Hip replacements have come a long way since they were first developed and remain one of the most successful medical procedures. Today joints come in a range of materials, but the newest or most expensive are not always the best choice.

"Patients often ask for the newest technology but hips have to last 20 to 30 years, so the best choices balance the latest technology with a proven track record and take into account the individual patient," says consultant arthroplasty surgeon Professor Edward T Davis, Director of Research and Development at The Royal Orthopaedic Hospital NHS Foundation Trust.

Hips are ball and socket joints so replacement joints consist of a cup to replace the natural socket and a ball replacing the natural ball of the femur. The most commonly used in the UK today are those with a metal ball and a polyethylene ('poly') lined cup.  Second come all-ceramic joints, and third those with a ceramic ball and poly cup.
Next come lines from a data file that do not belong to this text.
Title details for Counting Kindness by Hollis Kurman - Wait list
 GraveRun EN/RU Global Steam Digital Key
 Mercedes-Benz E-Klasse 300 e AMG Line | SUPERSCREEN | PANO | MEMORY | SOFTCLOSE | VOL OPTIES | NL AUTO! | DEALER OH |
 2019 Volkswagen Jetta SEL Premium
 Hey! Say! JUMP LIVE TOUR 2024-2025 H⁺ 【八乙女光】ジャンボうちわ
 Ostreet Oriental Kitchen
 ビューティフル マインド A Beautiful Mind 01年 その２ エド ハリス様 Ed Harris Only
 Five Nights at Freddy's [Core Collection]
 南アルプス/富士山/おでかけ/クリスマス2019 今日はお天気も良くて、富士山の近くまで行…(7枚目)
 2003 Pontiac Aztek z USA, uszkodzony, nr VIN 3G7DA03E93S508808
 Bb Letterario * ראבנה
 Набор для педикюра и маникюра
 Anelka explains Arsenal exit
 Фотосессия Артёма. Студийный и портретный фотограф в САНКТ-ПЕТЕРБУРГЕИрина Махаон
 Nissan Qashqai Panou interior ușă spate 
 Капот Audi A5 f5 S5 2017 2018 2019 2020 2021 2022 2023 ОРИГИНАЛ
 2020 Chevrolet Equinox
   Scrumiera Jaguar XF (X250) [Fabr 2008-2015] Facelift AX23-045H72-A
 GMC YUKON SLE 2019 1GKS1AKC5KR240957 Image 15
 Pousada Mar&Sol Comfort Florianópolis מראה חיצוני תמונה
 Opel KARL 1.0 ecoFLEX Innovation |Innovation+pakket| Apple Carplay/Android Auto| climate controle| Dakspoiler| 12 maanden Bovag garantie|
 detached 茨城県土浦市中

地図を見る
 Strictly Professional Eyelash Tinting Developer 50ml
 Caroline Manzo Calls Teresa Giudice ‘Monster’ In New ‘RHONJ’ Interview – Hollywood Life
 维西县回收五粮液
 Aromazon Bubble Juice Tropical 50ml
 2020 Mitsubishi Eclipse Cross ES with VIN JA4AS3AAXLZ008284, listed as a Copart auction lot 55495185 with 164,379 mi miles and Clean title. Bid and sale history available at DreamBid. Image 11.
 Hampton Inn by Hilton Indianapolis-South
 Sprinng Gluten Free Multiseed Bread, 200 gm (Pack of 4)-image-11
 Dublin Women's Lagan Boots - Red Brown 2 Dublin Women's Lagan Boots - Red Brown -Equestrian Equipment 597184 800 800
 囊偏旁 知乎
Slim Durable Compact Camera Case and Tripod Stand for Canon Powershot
But there is another choice: the ceramicised metal ball and poly cup. The ceramicised ball is created by heating metal to high temperatures, converting the surface layer into a ceramic.

Data from the Australian Joint Registry show that after ten years ceramicised metal on poly joints require revision (replacement) in 3.3 per cent of cases; for metal on poly the figure is 4.3 per cent; ceramic on poly is 4.6 per cent and ceramic on ceramic 5.1 per cent.

"The latter is the most expensive so spending more does not guarantee the best outcome," says Davis.

Davis' research of data from the National Joint Registry of England, Wales and Northern Ireland shows the same trends.

The poly also makes a difference, he says. "Cross-linked poly, where the material has been modified, appears to be more wear-resistant, so a ceramicised ball with a cross-linked poly-lined cup looks a good option."

The use of cement is also an issue.  A majority of hip replacements in the UK are uncemented - the pin is hit into a cavity in the femur and secured by bone growth. Where cement is used it releases chemicals into the bloodstream, in rare cases causing deaths.

"Cement may be a good choice where the bone is thin as hitting the joint into the cavity risks femur fracture," says Davis. He is unimpressed by recent Department of Health advice suggesting that cement should be used as often as possible, to save money.

Davis also advocates the use of computer technology to ensure accurate placing of the joint and to get leg lengths right, which tends to make for better outcomes.

Overall, he insists: "No one material or procedure suits everyone. The choice should be based on the individual patient."